Dividend Restrictions
CPUC holding company rules require that SCE's dividend policy be established by SCE's Board of Directors on the same basis as if SCE were a stand-alone utility company, and that the capital requirements of SCE, as deemed to be necessary to meet SCE's electricity service obligations, shall receive first priority from the Boards of Directors of both Edison International and SCE. In addition, the CPUC regulates SCE's capital structure which limits the dividends it may pay to its shareholders.
The common equity component of SCE's CPUC authorized capital structure is 52% on a weighted average basis over the January 1, 2023 to December 31, 2025 compliance period. This is unchanged from the January 1, 2020 to December 31, 2022 compliance period. The CPUC authorized capital structure differs from the capital structure calculated based on GAAP due to certain exclusions allowed by CPUC, including the impact of SCE's contributions to the Wildfire Insurance Fund under AB 1054. For further information, see "Business—SCE—Overview of Ratemaking Process" and "Business—Southern California Wildfires."

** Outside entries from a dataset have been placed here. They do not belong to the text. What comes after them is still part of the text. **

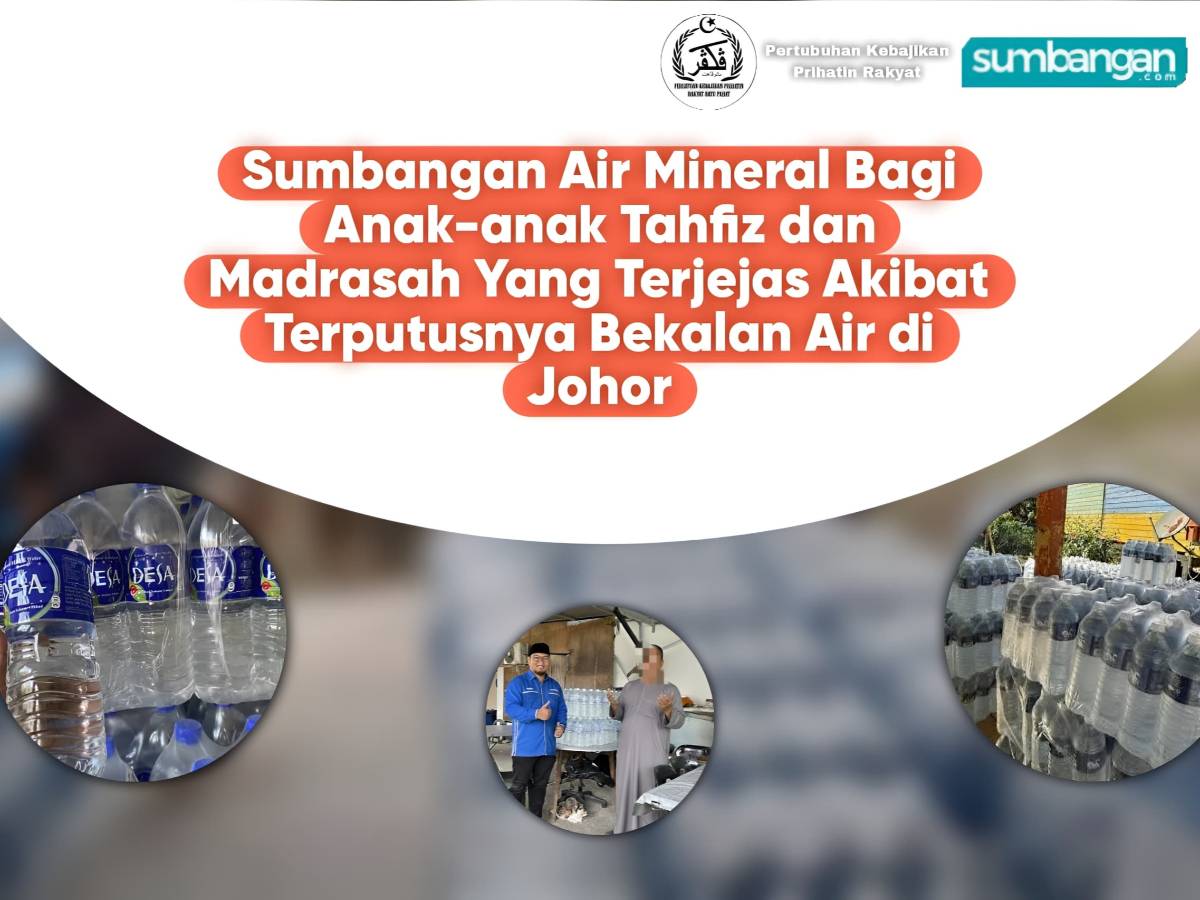 SUMBANGAN AIR MINERAL BUAT YANG TERPUTUS BEKALAN AIR DI JOHOR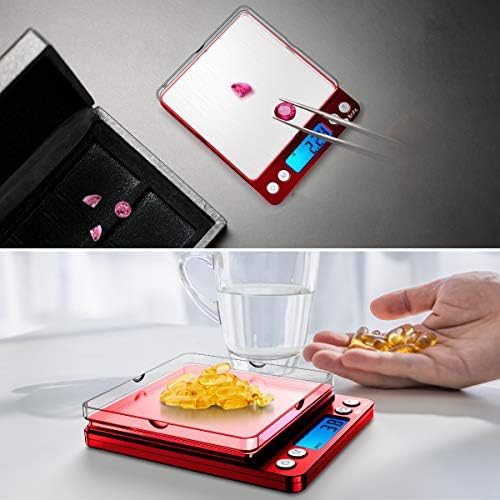 Digital pocket scale with backlit display and removable tray, weighing small items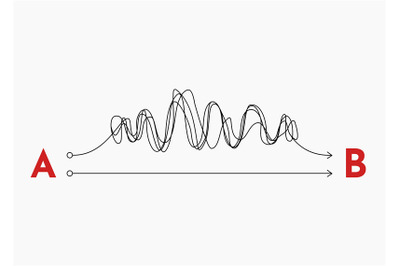 Problen solving messy line. Maze and tangle problem, indecision and co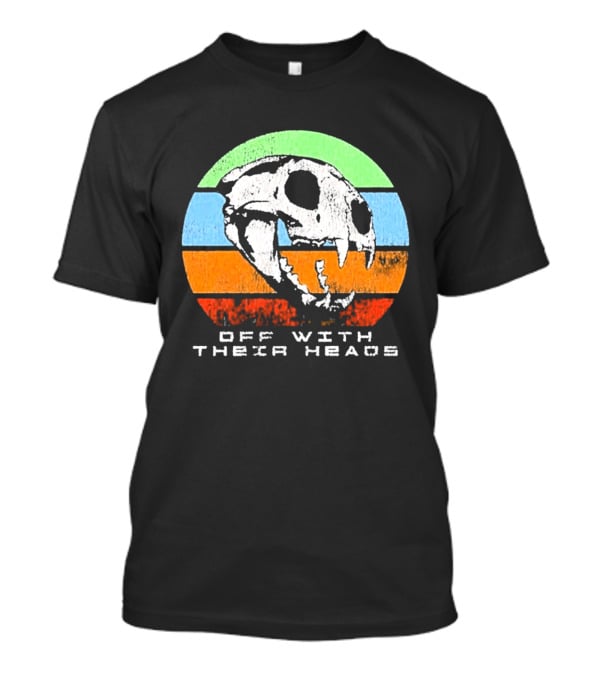 Off With Their Heads Skull Rainbow Stripes T-Shirt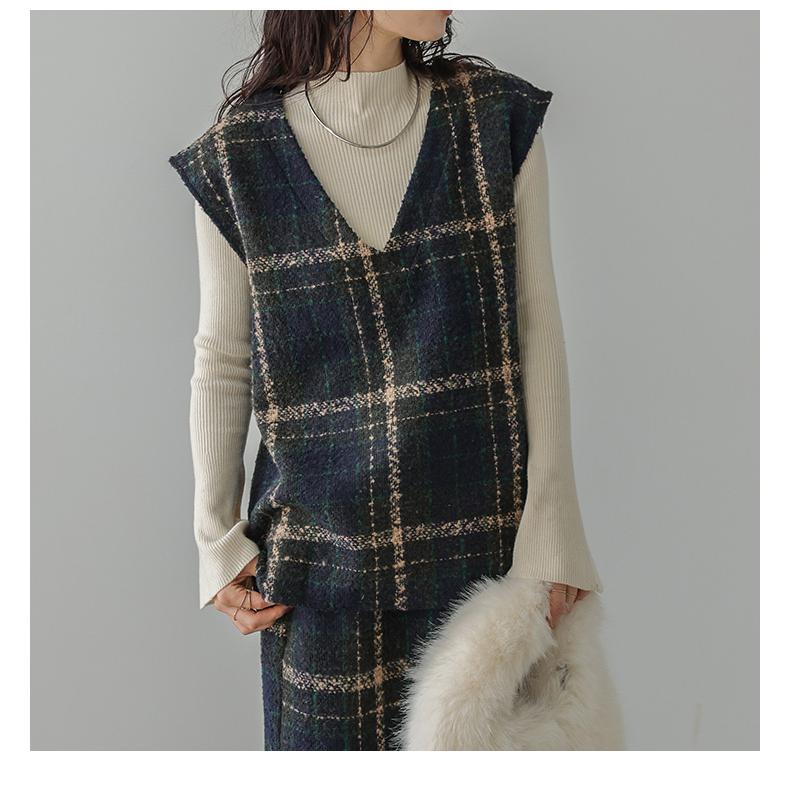 セットアップ Vネック ベスト スカート ツイード調 チェック柄 2点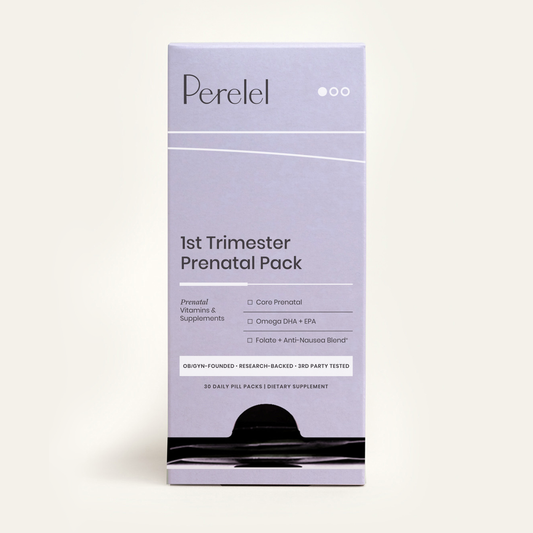 Perelel 1st Trimester Prenatal Pack box on a white background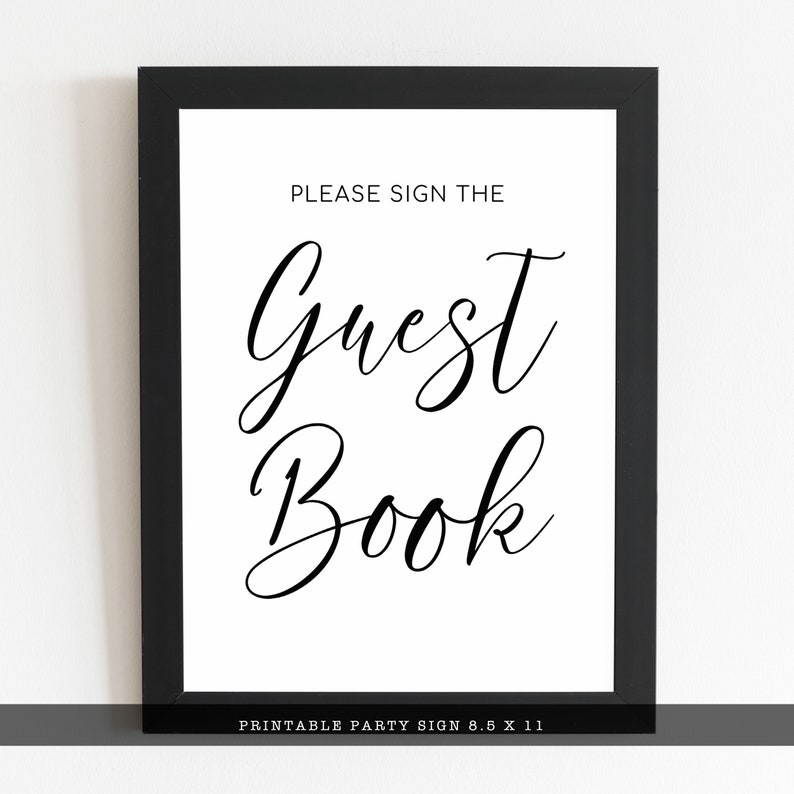 Black And White Sign Kit 10 Printable Wedding Signs Bridal Etsy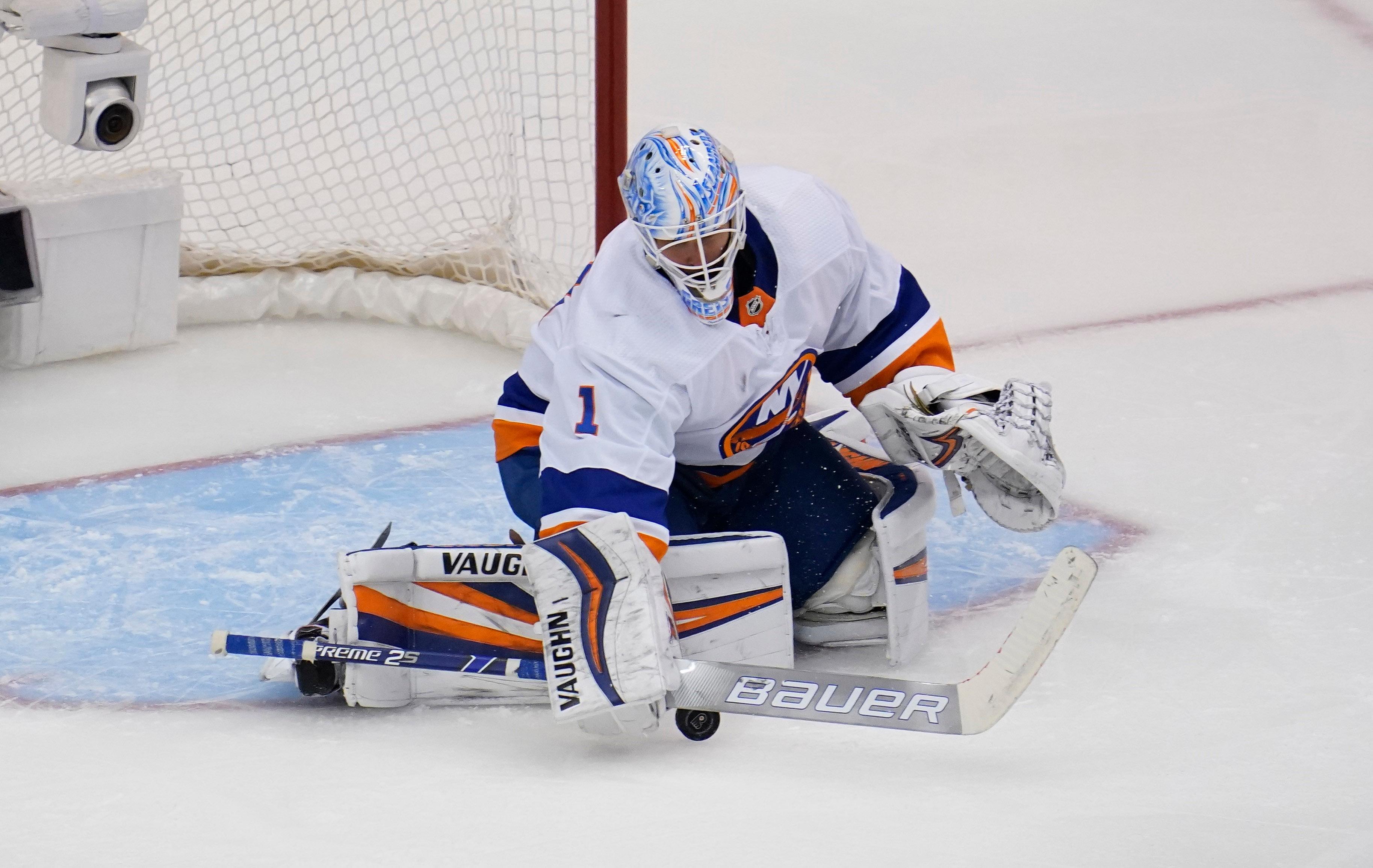 Sep 5, 2020; Toronto, Ontario, CAN; New York Islanders goaltender Thomas Greiss (1) makes a save against the Philadelphia Flyers during the third period in game seven of the second round of the 2020 Stanley Cup Playoffs at Scotiabank Arena. / John E. Sokolowski-USA TODAY Sports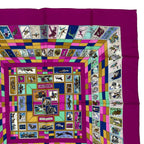 Hermes Scarf Silk Carre 90 Correspondanc Horse Pattern Purple — view 3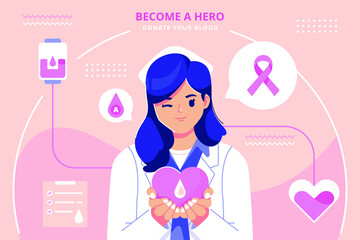 blood donation concept nurse character flat design illustration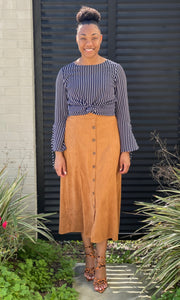 "Maddison" Suede Midi Skirt with Buttons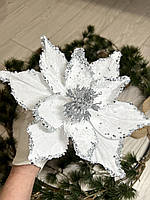 Різдвяна квітка-пуансеттія. Новорічна прикраса — пуансеттія біла (20 см), фото 2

In May 2020, the CPUC issued a decision on SCE's application to the CPUC for waiver of compliance with its equity ratio requirement, that allows SCE to exclude from its equity ratio calculations (i) net charges accrued in connection with the 2017/2018 Wildfire/Mudslide Events and (ii) debt issued for the purpose of paying claims related to the 2017/2018 Wildfire/Mudslide Events up to an amount equal to the net charges accrued in connection with the 2017/2018 Wildfire/Mudslide Events. With these exclusions, SCE was in compliance with its authorized capital structure for the compliance period from January 1, 2020 to December 31, 2022. The temporary exclusion lapsed on May 7, 2022. In April 2022, SCE filed another application requesting continued waiver of compliance with its equity ratio requirement. Under the CPUC's rules, SCE will not be deemed to be in violation of the equity ratio requirement while the waiver application is pending resolution. While the exclusion is in place, SCE is required to notify the CPUC if an adverse financial event reduces SCE's spot equity ratio by more than one percent from the level most recently filed with the CPUC in the proceeding. The last spot equity ratio SCE filed with the CPUC in the proceeding did not exclude the then $1.8 billion net charge and was 45.2% as of December 31, 2018 (at the time the common equity component of SCE's CPUC authorized capital structure was required to remain at or above 48% on a weighted average basis over the applicable 37-month period). SCE's spot equity ratio on December 31, 2018 would have been 48.7% had the $1.8 billion net charge at December 31, 2018 been excluded, therefore SCE will notify the CPUC if its spot ratio drops below 47.7% in any quarter. For further information, see "Notes to Consolidated Financial Statements—Note 12. Commitments and Contingencies—Contingencies—Southern California Wildfires and Mudslides."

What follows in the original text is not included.